Obama Ignoring War Powers Resolution in Uganda War

by | Dec 15, 2011

Way back in June President Obama declared, against the legal advice of his top administration and military lawyers, that the war he decided to wage in Libya was exempt from the War Powers Resolution, which requires him to get permission from Congress for engaging in a conflict beyond 60 days. The administration’s argument was blatantly specious and represented a dramatic wielding of unchecked executive power in the context of war.

I have been periodically reminding readers of the U.S. war in Uganda and surrounding territories in East Africa. In October, the Obama administration informed Congress that 100 combat troops were being sent in to fight the Lord’s Resistance Army, or so they claimed. Aside from the legitimacy of the intervention (or lack thereof), it appears we’re seeing yet another direct refusal to abide by the law.

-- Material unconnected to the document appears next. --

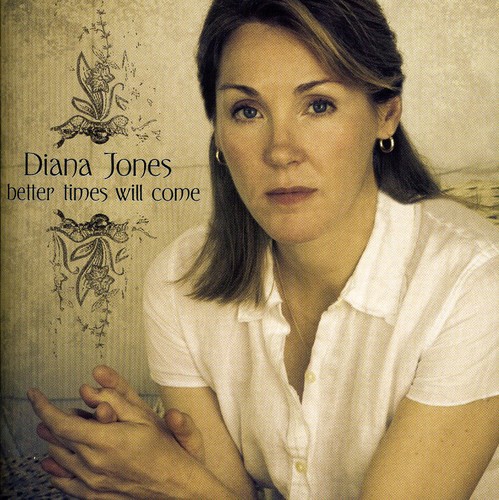 Diana Jones - Better Times Will Come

Jack Goldsmith at Lawfare:

By my calculation, the 60-Day Clock under the War Powers Resolution, if it applies, has either already run or will very soon.  I doubt the Obama administration is about to pull out of Uganda, so it must have concluded – probably at the outset of the intervention – that the intervention was not one in which the troops were introduced “into hostilities or into situations where imminent involvement in hostilities is clearly indicated by the circumstances” under Section 4(a)(1) of the WPR, and thus that no termination trigger under Section 5(a) is implicated here.

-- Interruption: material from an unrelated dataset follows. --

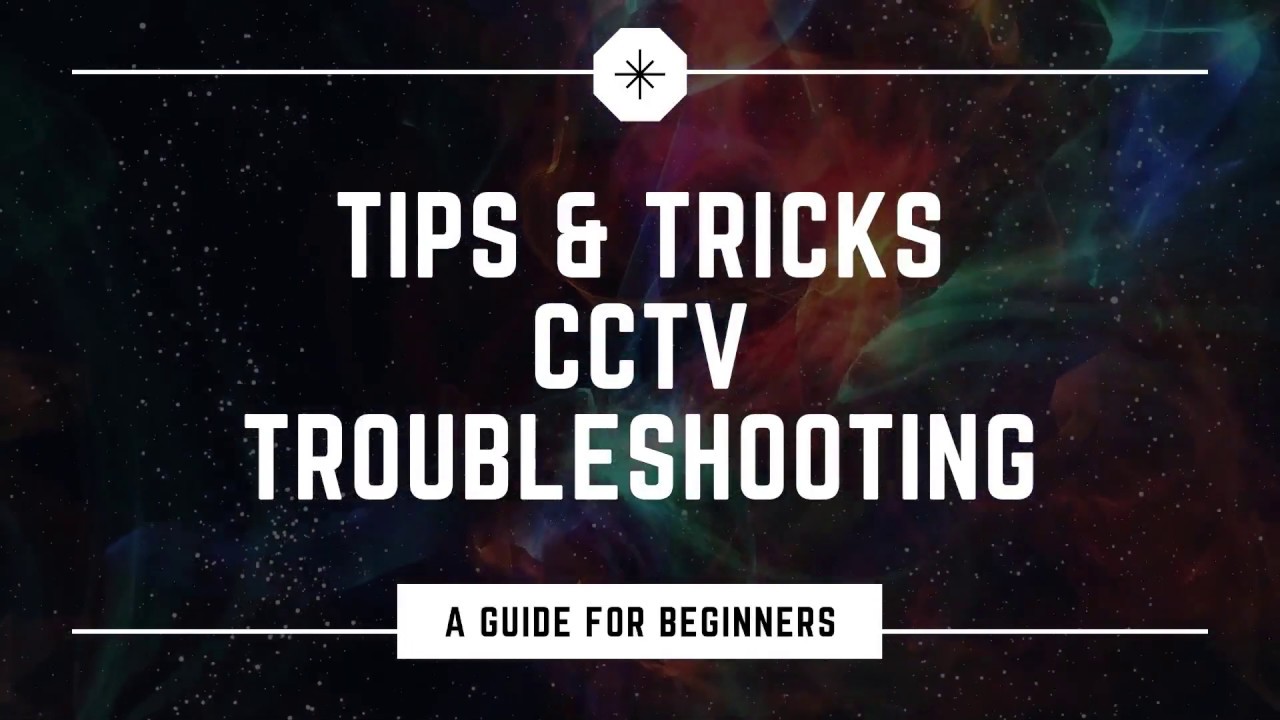 GVR Groups - CCTV Basic Troubleshooting Tips - In Tamil & English (Mixed) Language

Unfortunately, as Goldsmith points out, the horrible monstrosity National Defense Authorization Act currently being put into law – the one that codifies indefinite military detentions of terrorism suspects without charge to trial, inluding American citizens – also includes something that retroactively authorizes Obama’s intervention into Uganda. Section 1206 states that “the Secretary of Defense may, with the concurrence of Secretary of State, provide logistic support, supplies, and services for foreign forces participating in operations to mitigate and eliminate the threat posed by the Lord’s Resistance Army,” and authorizes $35 million for the effort. One caveat, Goldsmith explains is that the bill also states that “No United States Armed Forces personnel, United States civilian employees, or United States civilian contractor personnel may participate in combat operations in connection with the provision of support.” But putting combat troops into a combat zone to provide combat assistance is really tip-toeing the lines of legality here. Whether you interpret this as tip-toeing or as a glaring contravention of the law, it is yet another example of the Obama administration’s disrespect for any limits on the war powers of the executive.